Depending on the state, an adaptive codebook gain g.sub.p and a
fixed codebook gain g.sub.c can be obtained by multiplying
predefined attenuation factors by the gains of the previous frame.
In other words, g.sub.p=P(state) g.sub.p(-1) and g.sub.c=C(state)
g.sub.c(-1), where g.sub.p(-1) and g.sub.c(-1) are the gains of the
last good subframe. In IS-641, P(1)=0.98, P(2)=0.8, P(3)=0.6,
P(4)=P(5)=P(6)=0.6 and C(1)=C(2)=C(3)=C(4)=0.98, C(5)=0.9,
C(6)=0.6. Further, a long-term prediction lag T is slightly
modified by adding one to the value of the previous frame, and the
fixed codebook shape and indices are randomly set.
With the above method, the speech coding parameters are basically
assigned with slightly different or scaled-down values from the
previous good frame in order to prevent the speech decoder from
generating a reverberant sound. However, in the case of a single
frame erasure or less bursty frame erasures (in other words, when
the state is 1 or 2), the reduced gains cause a fluctuating energy
trajectory for the decoded speech and thus give an annoying effect
to the listeners.
FIG. 2 shows an exemplary block diagram of a frame erasure
concealment system in accordance with the present invention. The
frame erasure concealment device 300 includes adaptive codebook I
305, adaptive codebook II 310, amplifiers 315-330, summers 340,
345, synthesis filters 350, 355 and mean squared error block
360.
In operation, the frame erasure concealment device 300 can
determine transmitter parameters from the received data. The
transmitter parameters are encoded at the transmitting side, and
can include: a long-term predication lag T; gain vectors g.sub.p
and g.sub.c; fixed codebook; and linear prediction coefficients
(LPC) A(z).
The long-term prediction lag T parameter can be used to represent
the pitch interval of the speech signal, especially in the voiced
region.
The adaptive and fixed codebook gain vectors g.sub.p and g.sub.c,
respectively, are the scaling parameters of each codebook.
The fixed codebook can be used to represent the residual signal
that is the remaining part of the excitation signal after long-term
prediction.
And the LPC coefficients A(z) can represent the spectral shape
(vocal tract) of the speech signal.
Based on the long-term prediction lag T, the adaptive codebook I
305 can generate an adaptive codebook vector v(n) that subsequently
is passed through amplifier 315 and into summer 340. The amplifier
315 amplifies the adaptive codebook vector v(n) at a gain of
g.sub.p, as derived from the transmitting parameters.
In a similar manner, based on the fixed codebook, a fixed codebook
vector c(n) passes through amplifier 320 and into summer 340. The
gain of amplifier 320 is equal to the gain vector g.sub.c as
derived from the transmitting parameters.
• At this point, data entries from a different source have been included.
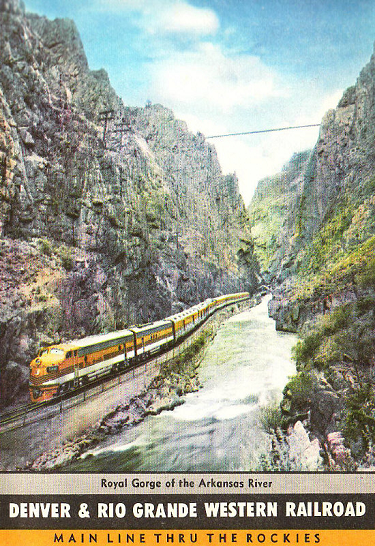 Royal Gorge advertising poster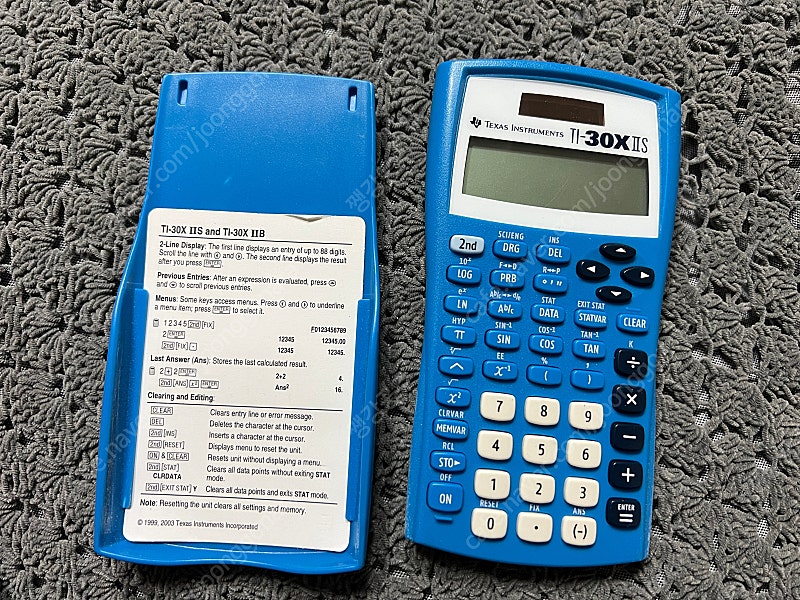 Texas instruments TI-30X 2S 공학용계산기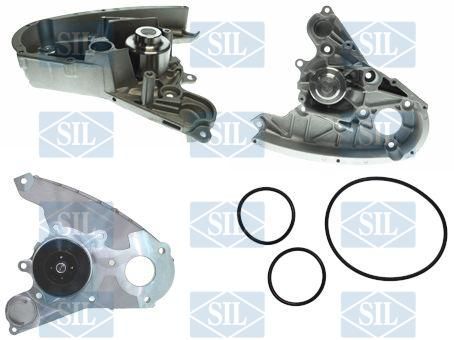 Водяной насос, охлаждение двигателя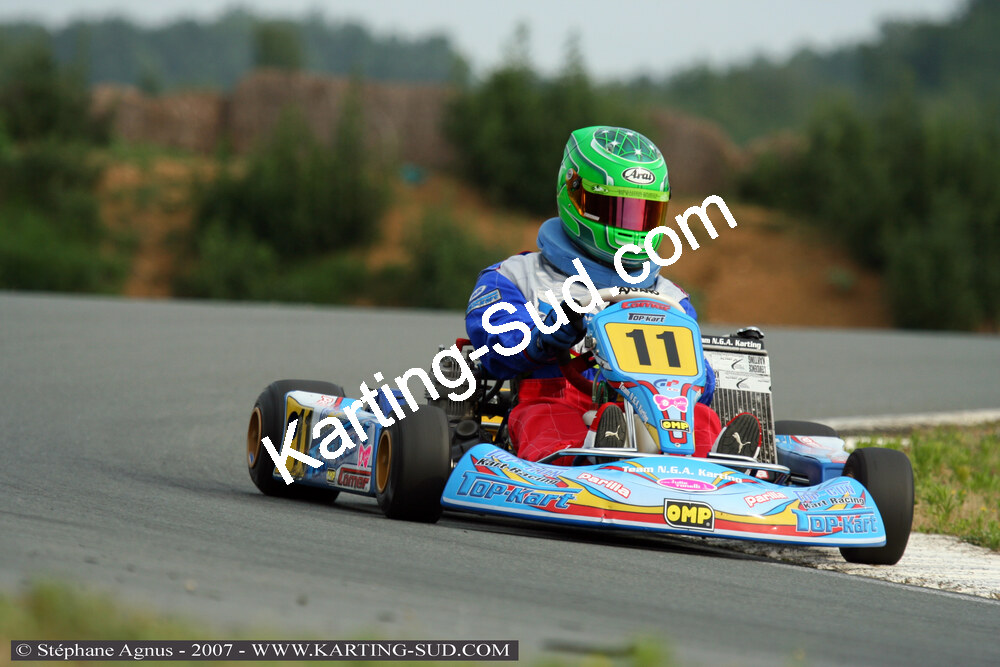 24/06/2007 : 2ème Manche du Challenge des Circuits – Layrac (Photos Stéphane Agnus) 2007 — karting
The summer 340 then adds the amplified adaptive codebook vector,
g.sub.p v(n), and the amplified fixed codebook vector, g.sub.c
c(n), to generate an excitation signal u(n). The excitation signal
u(n) is then transmitted to the synthesis filter 350. Additionally,
the excitation signal u(n) is stored in the buffer along feedback
path 1. The buffered information will be used to find the
contribution of the adaptive codebook I 305 at the next analysis
frame.
The synthesis filter 350 converts the excitation signal into
reference signal s(n). The reference signal is then transmitted to
the mean squared error block 360.
Additionally, as shown in FIG. 2, the present invention includes
the additional adaptive codebook memory (Adaptive Codebook II 310)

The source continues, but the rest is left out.